In a few days, we are going to reach a point in our history where for the 46th time a president will be sworn in to office. And no matter your political persuasion, if anything has come to light in the last few years, it is that Big Tech has played a role in suppressing the 1st Amendment promise of freedom of speech (guaranteed by the Constitution of the United States) on a level that would make George Orwell holler, “I rest my case.” That suppression has most recently prevented the leader of the free world from communicating unabated with those who would choose to read or hear what he has to say. As someone who grew up in the Cold War, all I can say is “Pravda” to those who feel it is reasonable to bow down to the Almighty Algorithm in the name of progress, except in Pravda’s case, the Thought Police were actually a part of the Soviet government posing as a newspaper, and not that of the private sector. Senator Josh Hawley recently referred to the tech “biggies,” i.e., Facebook, Google/Youtube, Amazon, Apple, and Microsoft as being analogous to the “robber barons of the 19th century.” And, as of January 15, 2021, for the first time in American history, a President has been at least partially muzzled on a global scale. This is alarming, no matter one’s political persuasion.

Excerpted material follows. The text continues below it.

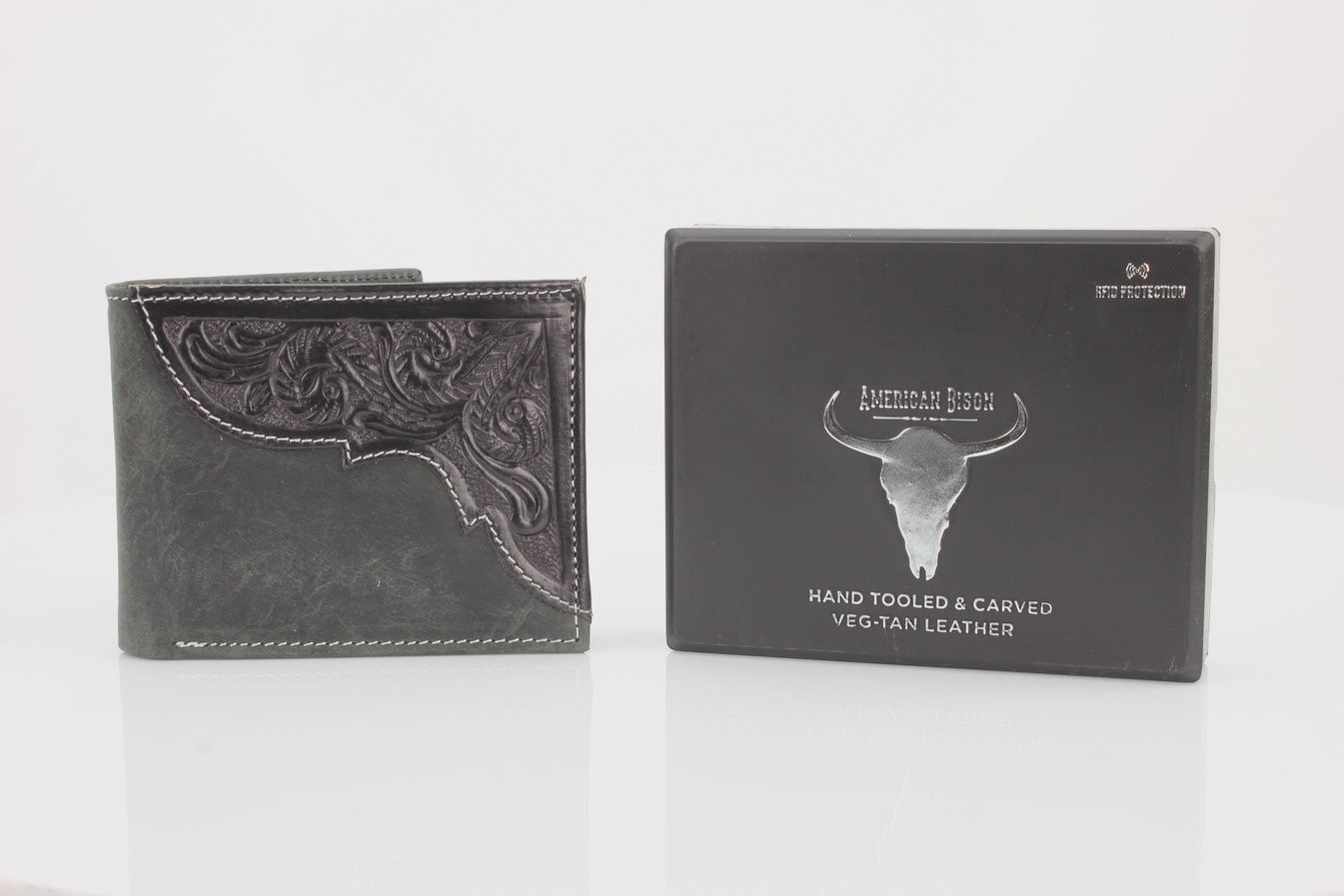 American Bison Oil Pull Up Bifold Wallet Tooled ABW028, Colour: Black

The term “technocrat” was developed in the early 20th century by a man by the name of W.H. Smyth. It comes from two Greek words, ?????, (tekhne) meaning skill and ??????, (kratos) meaning power, as in governance, or rule. Smyth coined the term technocracy to refer to the "management of society by technical experts." I am sure that Mr. Smyth could not have foreseen just what that would look like a century later in 2021, and I hope that we as Americans don’t choose to let this unelected cabal of power go unchallenged.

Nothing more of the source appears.